Absorption filters, commonly manufactured from dyed glass or pigmented gelatin resins, are one of the most widely used types of filter for brightfield and fluorescence microscopy. This interactive tutorial explores how absorption filters pass certain wavelengths of light while blocking others.
The tutorial initializes with a virtual absorption filter set to a wavelength pass band of 130 nanometers using the Bandwidth slider. The filter bandwidth size can be varied between 1 and 200 nanometers to demonstrate the wide spectrum of absorption filters commercially available for optical microscopy.
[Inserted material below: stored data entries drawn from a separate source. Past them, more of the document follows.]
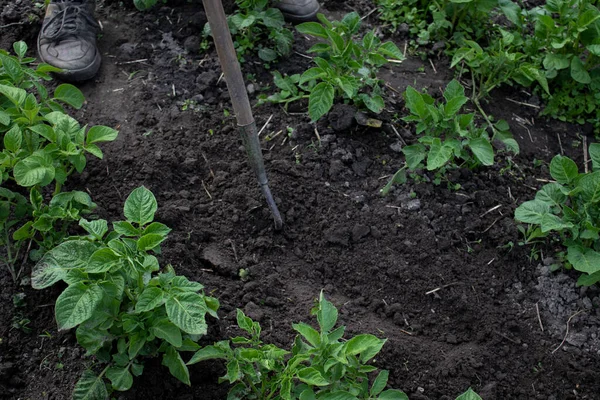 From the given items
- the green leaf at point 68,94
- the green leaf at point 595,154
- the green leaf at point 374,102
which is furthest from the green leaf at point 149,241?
the green leaf at point 595,154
Beneath the sliders is a graph of the filter characteristics that displays filter transmission percentage as a function of wavelength and calculates the center wavelength (CWL) and full width at half maximum (FWHM) for all of the bandpass filters in this tutorial. Filter neutral density can be adjusted from zero to 100 percent with the Transmission slider. As this slider is translated to higher densities (lower transmission values), the intensity of light passing through the filter diminishes and the bandpass peak on the graph is reduced in amplitude. The Filter Wavelength Maximum slider is utilized to adjust the bandpass center (center wavelength; CWL) of the virtual filter. As this slider is translated, the center wavelength can be varied between 350 and 750 nanometers, which is reflected by relocation of the curve in the graph presented in the lower portion of the tutorial window. The filter drawing in the upper portion of the tutorial simulates the spectrum of visible of light passing through the virtual absorption filter.
Absorption filters are the most widely utilized type of filter in fluorescence and other modes of optical microscopy, especially yellow and orange sharp-cutoff filters and black glasses that transmit ultraviolet and block most of the visible wavelengths. These filters operate by attenuation of light through absorption of specific wavelengths, so that spectral performance is a function of the physical thickness of the filter and the amount of dye present in the glass or gelatin matrix.
Among the advantages of absorption filters made from glass are the relatively low cost, high stability, and independence of spectral characteristics on the incident angle of light entering the filter. Chief disadvantages are the limited selection of glasses available for filter applications, poor slope performance and low peak transmittance of bandpass filters, a dependence of spectral performance on filter thickness, and autofluorescence of some glass formulations.